# Wo finde ich Hardware für ein Rechenzentrum?



## KICK (9. Januar 2004)

Hi,

ich hab vor mir einen oder mehrere Rechner in einem Rechenzetrum aufzustellen, also so ein "Serverhousing" Paket irgendwo zu mieten.

Nun habe ich gehört, dass man für diese Standplätze keine "normalen" Rechner benutzt, sondern Maschinen in einem 19 Zoll Gehäuse, welche nach verschiednenen HE (Höheneinheiten) unterteilt werden.

Jetzt hätte ich dazu einige Fragen:

Wo bekommt man generell 19 Zoll Hardware her?

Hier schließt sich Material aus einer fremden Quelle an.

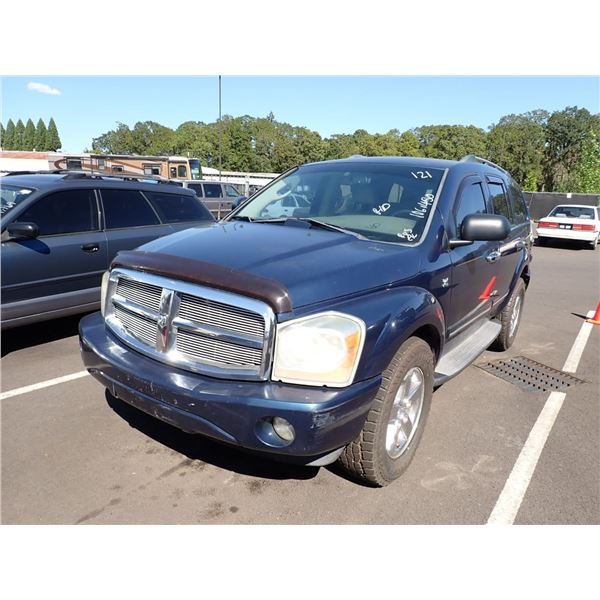 2006 Dodge Durango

Gibts komplettsysteme im 19 Zoll Format zu kaufen?

Wie baut man in so ein 19 Zoll Gehäuse Festplatte,Mainboard, Netzwerkkarte, etc. ein... ist das so wie bei einem normalen Homerechner oder braucht man da irgendwelche "besonderen" Festplatten und so weiter?

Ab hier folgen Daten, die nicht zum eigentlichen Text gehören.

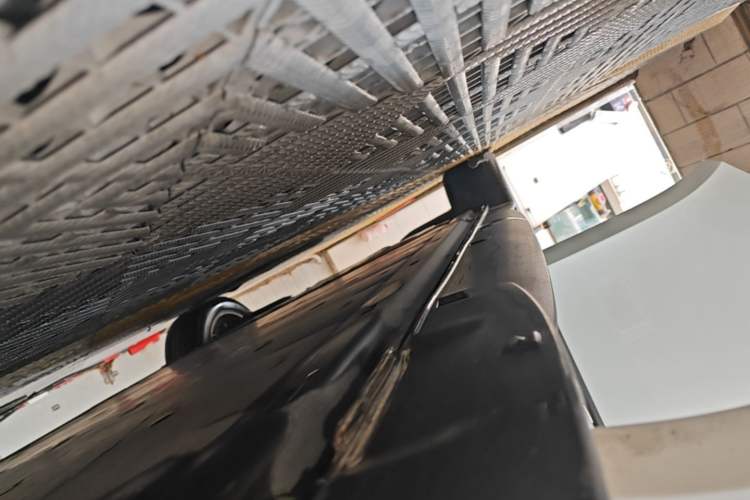 Used Volkswagen ID.3 2025 Revised Version Smart Edition Outstanding Grade Right Side Sill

Warum wird das in HE unterteilt?

Sollte jemand bereits Erfahrung mit Serverhousing in einem Rechenzentrum haben, währen einige Tipps, auf was man besonders achten muss dabei auch sehr nett!

Danke


----------



## Johannes Postler (9. Januar 2004)

Der Begriff "Rack" bringt dich sicherlich weiter. Der Unterschied zwischen Rack und Pedestal ist, dass Pedestal stehend/senkrecht ist (lat. pedes = fuß nur zu info) und das andere waagrecht.
Server bekommst du (als Firmenkunde) zb. bei www.chiligreen.at .
tirolausserfern


----------



## jore (31. Januar 2004)

Hallo,

19" Gehäuse bekommst du in diversen Onlineshops wie schiwi.de oder auch bei ebay. Diese Gehäuseart wird nach HE eingeteilt, weil die Höhe ein ganz spezielles (genormtes) Maß hat. Es sind so ca. 45mm hoch je HE. Die Racks in den die 19" Gehäuse eingebaut werden haben ein Raster in das diese Höheneinheiten genau hineinpassen.
Ich hoffe ich konnte dir ein wenig weiterhelfen.


Gruß

jore


----------



## Christian Fein (31. Januar 2004)

http://www.hewlett-packard.de/server/unix_server/


----------